The Zimmer Foundation had previously offered a donation when the project was first being discussed, though later found out it would be unable to donate to the park district as it is a taxing entity.
The possibility of a 501(c)(3) non-profit organization – first WCP and then a hypothetical Waterloo Friends of the Park District group – accepting the funds on behalf of the park district was entertained for several months.
Following the meeting, Mathes also said that a recently requested extension for the project’s Open Space Lands Acquisition and Development Grant from the Illinois Department of Natural Resources had been approved after a month of anticipation.
The new deadline for the park district to make progress on the splash pad in order to receive its full $400,000 grant – of which the district has already received $200,000 – is now June 20, 2024.
Also on the splash pad, Waterloo Park Board Commissioner Keith Buettner, who was recently tasked with overseeing the project along with fellow commissioner Michael Nolte, led the discussion.
Buettner said he had been in contact with the project’s contracting bidders Litteken Construction of Breese and Fitzgibbons Contracting of Waterloo, who have been waiting for word on the project’s progress.

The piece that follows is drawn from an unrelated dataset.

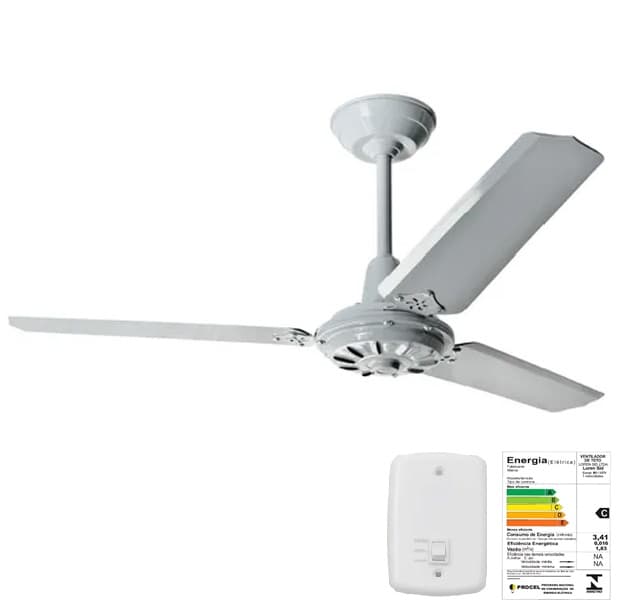 VENTILADOR DE TETO LOREN SID COMERCIAL M3 RV 110V127W08,5UF 3PAS ABS/PL COR CINZA CV REVERSAO - SEM LUMINARIA P/AREA GOURMET - foto 1 de 4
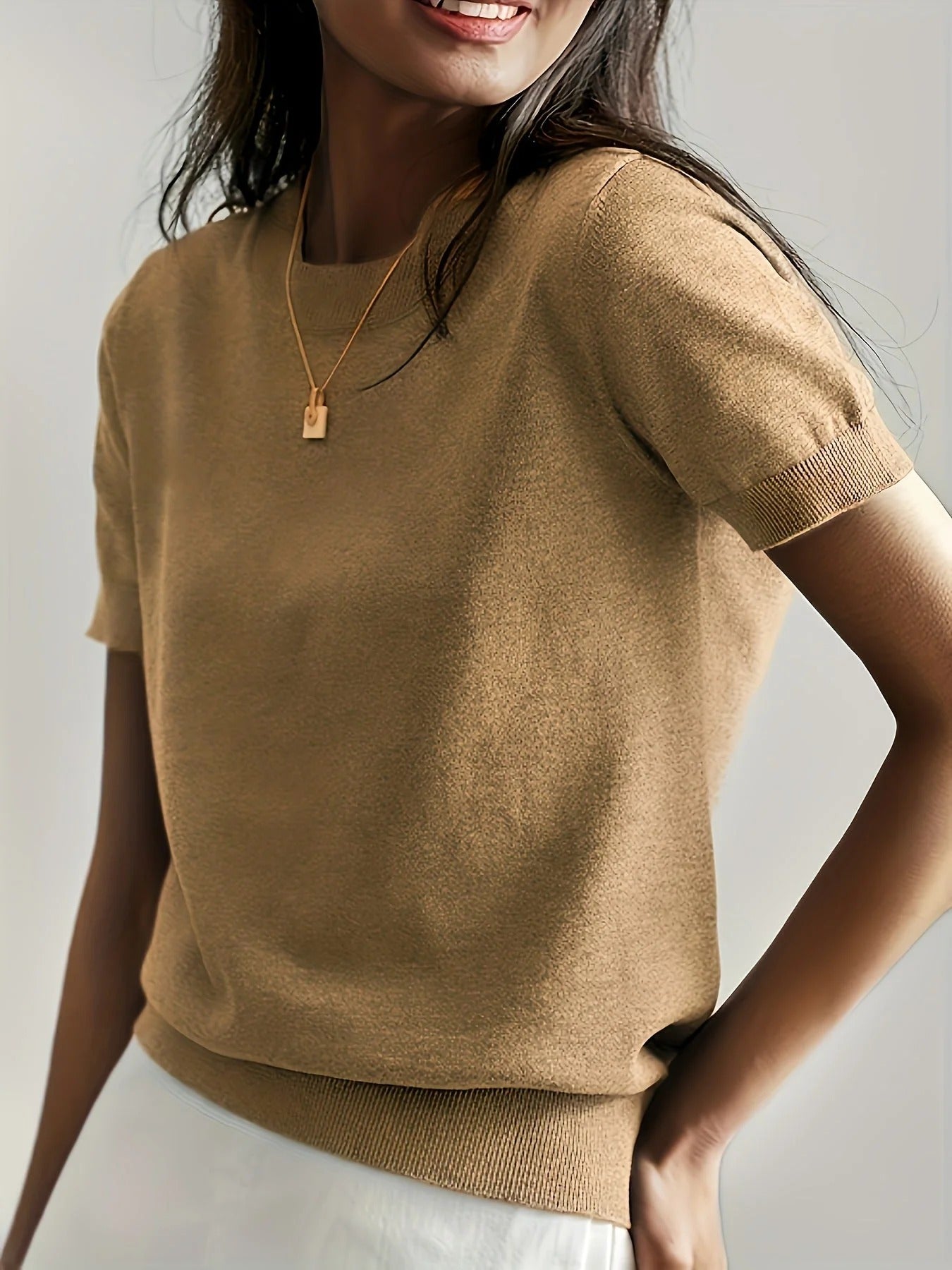 Women's Short Sleeve Knit Top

“I told them I would call them tomorrow and either tell them, ‘Yeah, we’re gonna go,’ or ‘It’s gonna have to wait,’ so they can find other work,” Buettner said. “It’s not fair to string them along. They’re trying to make a living too.”
Buettner added the current designs of the splash pad seem to meet state code, particularly in regard to the concrete buffer around the pad.
The splash pad item was ultimately tabled to be discussed further at next month’s meeting.
Waterloo Park District Superintendent Don Prater also spoke throughout the meeting to discuss various goings-on in the community parks, including communications between two local baseball teams to practice at a long-unused field and the high expense of dog waste bags which seem to be highly used.
The board also approved budget numbers for the next fiscal year. Park district attorney Mary Buettner said she would be putting together an ordinance for the budget which would be available at her office, though it is not known if she was able to complete the ordinance in time for it to be available 30 days prior to the next meeting.